C’est à bon droit que l’arrêté grand-ducal du 17 août 1996 reproche à Geiben de s’être rendu coupable d’un faux en écriture en établissant pour son propre compte et en son propre nom une déclaration T.V.A. en matière d’acquisition intracommunautaire de moyens de transport neufs, à savoir le document 446-L, en le revêtant des cachets officiels du bureau D/A de Luxembourg-Aéroport et en certifiant l’acquittement de la T.V.A. due par l’apposition de sa signature dans la case du document réservée à cet usage pour usage administratif, sans avoir en fait acquitté cette taxe à la caisse du bureau précité.
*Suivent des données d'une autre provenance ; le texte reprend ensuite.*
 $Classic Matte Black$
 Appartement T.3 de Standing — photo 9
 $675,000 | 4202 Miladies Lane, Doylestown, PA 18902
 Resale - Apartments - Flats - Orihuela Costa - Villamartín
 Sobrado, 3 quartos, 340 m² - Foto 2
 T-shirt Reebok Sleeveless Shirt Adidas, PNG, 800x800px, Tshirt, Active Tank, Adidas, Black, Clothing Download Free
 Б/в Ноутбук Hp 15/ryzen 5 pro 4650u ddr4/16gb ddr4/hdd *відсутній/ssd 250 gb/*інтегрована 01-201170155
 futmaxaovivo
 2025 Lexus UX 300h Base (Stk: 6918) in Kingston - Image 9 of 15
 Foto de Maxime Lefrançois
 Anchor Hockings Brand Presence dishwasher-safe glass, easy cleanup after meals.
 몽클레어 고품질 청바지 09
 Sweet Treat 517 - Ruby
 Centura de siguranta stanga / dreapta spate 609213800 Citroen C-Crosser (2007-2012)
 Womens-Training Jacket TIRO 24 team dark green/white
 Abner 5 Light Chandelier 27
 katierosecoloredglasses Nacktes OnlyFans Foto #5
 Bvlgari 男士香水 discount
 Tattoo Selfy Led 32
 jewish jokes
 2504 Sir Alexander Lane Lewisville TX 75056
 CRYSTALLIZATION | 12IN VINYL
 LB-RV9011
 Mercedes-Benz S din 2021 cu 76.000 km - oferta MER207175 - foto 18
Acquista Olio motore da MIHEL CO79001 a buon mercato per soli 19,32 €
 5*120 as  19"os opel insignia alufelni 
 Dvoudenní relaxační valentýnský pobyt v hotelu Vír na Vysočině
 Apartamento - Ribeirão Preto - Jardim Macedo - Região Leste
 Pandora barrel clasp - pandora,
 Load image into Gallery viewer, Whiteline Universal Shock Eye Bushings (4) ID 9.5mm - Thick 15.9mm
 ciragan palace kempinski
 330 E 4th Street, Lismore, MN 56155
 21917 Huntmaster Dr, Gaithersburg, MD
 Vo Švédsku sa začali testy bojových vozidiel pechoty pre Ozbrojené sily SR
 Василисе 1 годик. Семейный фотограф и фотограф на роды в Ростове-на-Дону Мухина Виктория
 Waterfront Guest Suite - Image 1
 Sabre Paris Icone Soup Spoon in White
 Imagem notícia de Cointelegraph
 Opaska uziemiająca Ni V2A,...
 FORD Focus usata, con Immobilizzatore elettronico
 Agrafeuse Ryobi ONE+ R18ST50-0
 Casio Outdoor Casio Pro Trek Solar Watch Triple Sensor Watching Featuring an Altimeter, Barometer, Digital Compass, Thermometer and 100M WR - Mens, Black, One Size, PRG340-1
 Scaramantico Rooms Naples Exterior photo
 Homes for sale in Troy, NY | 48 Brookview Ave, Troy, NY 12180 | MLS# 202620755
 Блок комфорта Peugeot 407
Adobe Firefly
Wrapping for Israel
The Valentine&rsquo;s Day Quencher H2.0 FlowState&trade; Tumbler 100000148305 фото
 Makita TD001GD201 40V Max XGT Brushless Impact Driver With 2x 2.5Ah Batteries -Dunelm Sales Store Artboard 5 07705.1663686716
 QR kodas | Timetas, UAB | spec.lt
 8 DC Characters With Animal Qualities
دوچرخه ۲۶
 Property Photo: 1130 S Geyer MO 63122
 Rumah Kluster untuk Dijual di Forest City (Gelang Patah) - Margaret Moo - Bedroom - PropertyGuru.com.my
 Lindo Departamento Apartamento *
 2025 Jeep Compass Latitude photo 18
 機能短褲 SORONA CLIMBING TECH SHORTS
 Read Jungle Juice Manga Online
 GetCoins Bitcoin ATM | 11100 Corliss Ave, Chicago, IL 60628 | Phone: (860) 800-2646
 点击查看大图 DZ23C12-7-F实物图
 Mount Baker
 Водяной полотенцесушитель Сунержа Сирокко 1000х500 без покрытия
Les faits sont d’autant plus graves que l’intimé était parfaitement au courant des procédures administratives internes et qu’il s’est procuré un avantage personnel en abusant de sa fonction.
Ces agissements constituent un manquement très grave aux devoirs du fonctionnaire, dénotant un comportement irresponsable et malhonnête qui ôte toute crédibilité à … Geiben, le mettant dans l’impossibilité de reprendre ses fonctions, surtout au niveau élevé de la hiérarchie où il était parvenu.
Cependant, compte tenu du fait que pendant vingt ans Geiben a rempli correctement sa fonction, la Cour estime qu’il échet dès lors de lui appliquer une peine mieux adaptée aux 3 circonstances de fait, et par ailleurs demandée à titre subsidiaire par l’Etat, celle de la sanction disciplinaire de la mise à la retraite d’office pour inaptitude professionnelle ou disqualification morale, la faute commise par Geiben revêtant tant le caractère d’une inaptitude professionnelle que d’une disqualification morale.
P a r c e s m o t i f s la Cour administrative, statuant contradictoirement;
reçoit l’appel en la forme;
au fond, le déclare justifié et par réformation inflige à … Geiben la sanction disciplinaire de la mise à la retraite d’office pour inaptitude professionnelle et disqualification morale;
renvoie le dossier au ministre des Finances en prosécution de cause;
laisse les frais de l’instance d’appel à charge de l’intimé.
Ainsi jugé par Marion LANNERS, vice-présidente, Christiane DIEDERICH-TOURNAY, conseiller, rapporteur, Marc FEYEREISEN, conseiller et lu par le conseiller Christiane DIEDERICH-TOURNAY, délégué à cette fin, en audience publique à Luxembourg au local ordinaire des audiences de la Cour à la date indiquée en tête, en présence du greffier de la Cour Anne-Marie WILTZIUS.